Pediatric Esophageal Perforation

  • Etiology: placement of a nasogastric tube, forceful vomiting or retching (Boerhaave syndrome), blunt trauma against closed glottis or AP compression of the chest
  • CXR: pneumomediastinum, pneumopericardium, pneumothorax, hydropneumothorax, subcutaneous emphysema, mediastinitis
  • Note: a nasogastric tube that is too straight after placement and that does not gently curve into the stomach should be suspected of not being in the stomach
  • UGI: contrast outside of esophagus
  • Complications: mediastinitis
  • Treatment: often conservative
  • Clinical: can be devastating if not recognized

Radiology Cases of Esophageal Perforation

Radiology Cases of Esophageal Perforation Due to Nasogastric Tube

CXR of esophageal perforation from nasogastric tube placement
CXR AP shows air outlining the heart in the pericardial space, air outlining the thymus in the mediastinum, and air in the bilateral pleural spaces.
AXR of esophageal perforation from nasogastric tube placement
Supine AXR (above) shows increased lucency in the upper abdomen.

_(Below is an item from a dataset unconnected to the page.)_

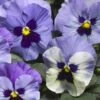 Delta™ Premium Marina Pansy -Annual Plants Shop pansy delta premium marina plant 748 detail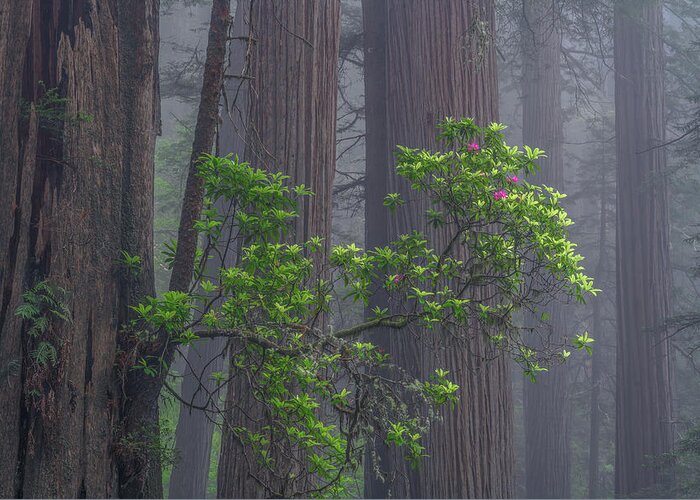 Redwoods Greeting Card featuring the photograph The Branch by Chuck Jason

The cross-table lateral AXR (below) shows air between the anterior abdominal wall and the bowel. The nasogastric tube follows a very straight course and does not curve towards the stomach. Note on both views that the tip of the nasogastric tube does not project over the stomach. US performed subsequently showed the tip of the nasogastric tube was in the retroperitoneum and not in the stomach.

Radiology Cases of Esophageal Perforation Due to Blunt Trauma

CT and UGI of esophageal perforation
Sagittal CT without contrast of the neck (left) shows pneumomediastinum anterior to the spine. Lateral image from an esophagram (right) shows contrast extravasating outside the esophagus at the level of C4.